THE TINVANE DOWLEY – KILMACTHOMAS CONNECTIONS
During the eighteenth and nineteenth centuries the Dowleys of Tinvane seemed to have a propensity to marry spouses from the greater Kilmacthomas area. These included members of the Cheasty, Flahavan, Kiersey, Walsh(e), and Shanahan families. The Walsh name was spelt with and without an “e” even in their own burial plot in Newtown cemetery, just east of Kilmacthomas.
The Catholic Church in Newtown, Kilmacthomas Co. Waterford where the Walshes, Shanahans, Cheastys and Kierseys are buried
The Walshe Grave in Newtown. Note change in spelling from Walsh
Part of the same Walshe burial plot above
The Shanahan burial plot in Newtown Cemetery
The Cheasty family plot in Newtown cemetery
The fact that these families also intermarried resulted in multiple and complex genetic relationships which are difficult to unravel. An attempt is made in the accompanying trees to relate the Tinvane Dowleys with the Flahavans, Walshes and Shanahans.

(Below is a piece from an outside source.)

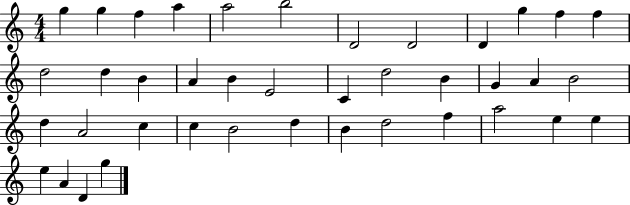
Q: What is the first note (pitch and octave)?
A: G5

The first Tinvane Dowley connection with Kilmac was through the marriage of the first John Dowley (1737-1810) to a Cheasty. Two generations later, John’s grand-son, John Dowley (1810-1882) married Bridget Flahavan while his grand-daughter Marion Dowley (John’s sister) married a Kiersey.
In the next generation, John Dowley’s son, Edward (1855-1945), married Mary Ursula Walsh from Newtown, Kilmacthomas, Co. Waterford. They were married in Kilmacthomas in 1879. However, Edward’s name was entered as “Dooley” in the church registry which made the marriage difficult to locate and may have been responsible for Edward’s jocose remark at his 50th wedding aniversary that they were never “properly married”.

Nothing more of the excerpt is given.